← Back to context

Comment by mkaic

1 year ago

> there would be a massive amount of redundant information stored in hidden activations

Is there a way to prove this? One potential caveat that comes to mind for me is that perhaps the action of lerping between the old state and the new could be used by the model to perform semantically meaningful transformations on the old state. I guess in my mind it just doesn't seem obvious that the hidden state is necessarily a collection of "redundant information" — perhaps the information is culled/distilled the further along in the sequence you go? There will always be some redundancy, sure, but I don't think that such redundancy necessarily means we have to use superlinear methods like attention.

All information about the past which will be available for predicting future tokens must be stored in the present state. So, if some bits of info about some past tokens at times less than t_p will be used for predicting some future token at time t_f, those bits must be passed through all states at times from t_p to t_f. The bits are passed through the recurrence.

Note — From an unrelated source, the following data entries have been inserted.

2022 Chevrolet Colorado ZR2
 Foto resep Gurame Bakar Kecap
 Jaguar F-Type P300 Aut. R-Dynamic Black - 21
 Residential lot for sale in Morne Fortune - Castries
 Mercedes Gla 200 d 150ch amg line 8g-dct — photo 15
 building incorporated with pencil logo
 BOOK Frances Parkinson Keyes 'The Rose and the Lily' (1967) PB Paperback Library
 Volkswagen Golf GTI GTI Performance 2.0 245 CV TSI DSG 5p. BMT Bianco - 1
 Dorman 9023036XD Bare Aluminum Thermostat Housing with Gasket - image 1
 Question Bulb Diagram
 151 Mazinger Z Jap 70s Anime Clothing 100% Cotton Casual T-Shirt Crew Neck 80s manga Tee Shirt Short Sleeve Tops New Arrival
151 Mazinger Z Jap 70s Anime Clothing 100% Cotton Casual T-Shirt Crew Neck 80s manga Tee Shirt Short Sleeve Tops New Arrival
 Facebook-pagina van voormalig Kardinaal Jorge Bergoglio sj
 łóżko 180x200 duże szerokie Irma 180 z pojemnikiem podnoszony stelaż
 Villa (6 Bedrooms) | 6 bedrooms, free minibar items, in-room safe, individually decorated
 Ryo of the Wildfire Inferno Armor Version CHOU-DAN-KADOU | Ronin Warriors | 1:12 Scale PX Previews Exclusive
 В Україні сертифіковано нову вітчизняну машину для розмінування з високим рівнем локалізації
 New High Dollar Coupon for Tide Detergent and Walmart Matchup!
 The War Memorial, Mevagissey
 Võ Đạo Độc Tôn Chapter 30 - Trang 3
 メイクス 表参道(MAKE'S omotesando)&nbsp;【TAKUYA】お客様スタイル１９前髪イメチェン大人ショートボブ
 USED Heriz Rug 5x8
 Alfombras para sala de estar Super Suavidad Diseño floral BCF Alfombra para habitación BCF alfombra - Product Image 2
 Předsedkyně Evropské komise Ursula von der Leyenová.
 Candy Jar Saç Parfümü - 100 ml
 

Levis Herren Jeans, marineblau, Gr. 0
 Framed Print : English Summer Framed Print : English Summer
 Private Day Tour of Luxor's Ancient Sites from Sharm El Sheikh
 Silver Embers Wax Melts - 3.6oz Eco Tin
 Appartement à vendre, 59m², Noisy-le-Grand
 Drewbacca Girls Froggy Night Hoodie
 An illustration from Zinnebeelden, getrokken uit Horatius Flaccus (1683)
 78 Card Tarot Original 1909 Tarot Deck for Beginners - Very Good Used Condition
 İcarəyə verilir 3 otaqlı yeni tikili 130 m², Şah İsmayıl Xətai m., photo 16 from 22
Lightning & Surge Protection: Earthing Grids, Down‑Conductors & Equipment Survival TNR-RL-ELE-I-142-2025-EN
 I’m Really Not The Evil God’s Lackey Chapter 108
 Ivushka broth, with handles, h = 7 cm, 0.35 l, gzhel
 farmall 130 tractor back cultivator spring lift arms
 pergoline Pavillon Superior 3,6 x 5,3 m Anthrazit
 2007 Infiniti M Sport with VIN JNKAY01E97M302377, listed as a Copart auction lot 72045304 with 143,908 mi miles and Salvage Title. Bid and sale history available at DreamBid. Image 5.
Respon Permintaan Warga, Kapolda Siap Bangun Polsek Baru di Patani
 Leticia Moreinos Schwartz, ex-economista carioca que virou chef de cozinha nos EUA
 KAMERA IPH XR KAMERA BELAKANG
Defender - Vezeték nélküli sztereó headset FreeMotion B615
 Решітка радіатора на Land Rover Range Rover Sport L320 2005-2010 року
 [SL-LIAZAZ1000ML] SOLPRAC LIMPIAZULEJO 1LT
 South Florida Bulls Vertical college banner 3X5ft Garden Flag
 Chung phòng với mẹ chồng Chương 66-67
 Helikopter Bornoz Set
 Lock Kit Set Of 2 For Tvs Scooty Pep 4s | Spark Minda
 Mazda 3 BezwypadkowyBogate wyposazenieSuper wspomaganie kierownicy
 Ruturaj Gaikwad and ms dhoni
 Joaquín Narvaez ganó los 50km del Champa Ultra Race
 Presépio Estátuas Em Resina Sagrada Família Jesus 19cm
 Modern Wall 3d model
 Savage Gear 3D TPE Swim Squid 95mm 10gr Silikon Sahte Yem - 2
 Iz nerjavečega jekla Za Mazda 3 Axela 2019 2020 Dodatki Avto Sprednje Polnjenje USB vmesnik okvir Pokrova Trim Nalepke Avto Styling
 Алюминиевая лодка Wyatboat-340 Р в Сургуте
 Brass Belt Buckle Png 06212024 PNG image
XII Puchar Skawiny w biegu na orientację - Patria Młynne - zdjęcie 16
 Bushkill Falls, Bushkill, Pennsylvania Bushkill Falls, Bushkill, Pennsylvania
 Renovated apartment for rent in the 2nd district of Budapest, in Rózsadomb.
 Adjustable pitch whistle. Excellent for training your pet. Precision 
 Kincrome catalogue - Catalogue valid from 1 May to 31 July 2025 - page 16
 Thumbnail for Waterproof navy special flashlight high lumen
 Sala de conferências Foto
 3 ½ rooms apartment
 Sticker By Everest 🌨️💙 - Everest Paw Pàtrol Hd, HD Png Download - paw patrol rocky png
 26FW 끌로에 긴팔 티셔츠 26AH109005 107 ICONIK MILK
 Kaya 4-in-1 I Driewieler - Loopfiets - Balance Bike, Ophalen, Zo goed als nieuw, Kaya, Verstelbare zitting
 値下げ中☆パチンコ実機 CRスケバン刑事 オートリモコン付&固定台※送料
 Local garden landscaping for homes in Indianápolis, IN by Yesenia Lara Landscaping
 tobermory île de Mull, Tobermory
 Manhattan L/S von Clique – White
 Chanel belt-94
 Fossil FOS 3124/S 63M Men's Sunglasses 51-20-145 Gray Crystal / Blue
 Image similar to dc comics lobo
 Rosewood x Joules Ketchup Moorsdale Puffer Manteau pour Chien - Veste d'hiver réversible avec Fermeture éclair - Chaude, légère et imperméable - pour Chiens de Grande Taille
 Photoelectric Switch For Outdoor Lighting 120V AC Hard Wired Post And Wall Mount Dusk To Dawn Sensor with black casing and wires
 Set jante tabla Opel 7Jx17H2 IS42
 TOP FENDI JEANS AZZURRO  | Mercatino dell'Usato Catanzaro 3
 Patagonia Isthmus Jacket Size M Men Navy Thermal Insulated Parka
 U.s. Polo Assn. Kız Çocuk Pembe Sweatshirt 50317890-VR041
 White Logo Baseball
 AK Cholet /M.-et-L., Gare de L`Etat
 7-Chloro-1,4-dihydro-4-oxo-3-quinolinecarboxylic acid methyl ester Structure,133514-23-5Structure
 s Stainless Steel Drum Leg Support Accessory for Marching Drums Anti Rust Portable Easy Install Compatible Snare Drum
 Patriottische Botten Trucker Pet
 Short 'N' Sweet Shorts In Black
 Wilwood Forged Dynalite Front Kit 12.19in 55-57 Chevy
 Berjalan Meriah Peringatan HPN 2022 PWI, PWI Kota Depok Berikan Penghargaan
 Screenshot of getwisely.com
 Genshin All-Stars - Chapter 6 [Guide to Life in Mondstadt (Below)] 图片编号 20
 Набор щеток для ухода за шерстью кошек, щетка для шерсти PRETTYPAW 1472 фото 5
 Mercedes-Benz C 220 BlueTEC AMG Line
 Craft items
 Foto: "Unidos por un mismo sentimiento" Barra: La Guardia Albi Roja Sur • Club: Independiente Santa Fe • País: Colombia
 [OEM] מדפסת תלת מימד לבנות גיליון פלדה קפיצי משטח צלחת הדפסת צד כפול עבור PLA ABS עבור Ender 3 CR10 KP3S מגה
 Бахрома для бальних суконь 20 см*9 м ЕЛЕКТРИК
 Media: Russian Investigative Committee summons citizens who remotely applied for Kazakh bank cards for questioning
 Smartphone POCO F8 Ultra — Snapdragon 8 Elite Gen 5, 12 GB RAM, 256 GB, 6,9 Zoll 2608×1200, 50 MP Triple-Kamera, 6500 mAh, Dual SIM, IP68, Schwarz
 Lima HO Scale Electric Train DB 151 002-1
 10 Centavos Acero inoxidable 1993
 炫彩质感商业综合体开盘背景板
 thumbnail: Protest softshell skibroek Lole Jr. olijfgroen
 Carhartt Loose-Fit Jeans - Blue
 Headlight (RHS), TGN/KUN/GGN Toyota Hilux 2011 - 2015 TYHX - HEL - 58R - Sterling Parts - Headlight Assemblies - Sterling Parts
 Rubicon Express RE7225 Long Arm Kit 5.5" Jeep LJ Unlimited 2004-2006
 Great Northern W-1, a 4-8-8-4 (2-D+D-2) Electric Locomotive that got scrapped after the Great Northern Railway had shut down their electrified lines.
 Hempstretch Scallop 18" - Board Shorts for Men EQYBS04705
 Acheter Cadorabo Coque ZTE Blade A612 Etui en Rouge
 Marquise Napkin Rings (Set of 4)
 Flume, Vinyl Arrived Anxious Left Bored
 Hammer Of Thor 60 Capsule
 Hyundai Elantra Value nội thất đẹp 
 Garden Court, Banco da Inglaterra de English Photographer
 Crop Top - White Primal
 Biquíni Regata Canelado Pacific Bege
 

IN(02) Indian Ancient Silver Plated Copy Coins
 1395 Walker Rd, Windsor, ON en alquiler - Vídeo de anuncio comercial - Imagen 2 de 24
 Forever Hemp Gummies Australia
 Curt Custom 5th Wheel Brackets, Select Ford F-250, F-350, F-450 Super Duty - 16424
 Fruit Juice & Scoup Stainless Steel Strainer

Once information about past tokens is lost from the hidden state it is gone forever, so it must be stored and carried across many steps up until it finally becomes useful.

The information cost of making the RNN state way bigger is high when done naively, but maybe someone can figure out a clever way to avoid storing full hidden states in memory during training or big improvements in hardware could make memory use less of a bottleneck.

  • > The information cost of making the RNN state way bigger is high when done naively, but maybe someone can figure out a clever way to avoid storing full hidden states in memory during training or big improvements in hardware could make memory use less of a bottleneck.

    Isn't this essentially what Mamba [1] does via its 'Hardware-aware Algorithm'?

    [1] https://arxiv.org/pdf/2312.00752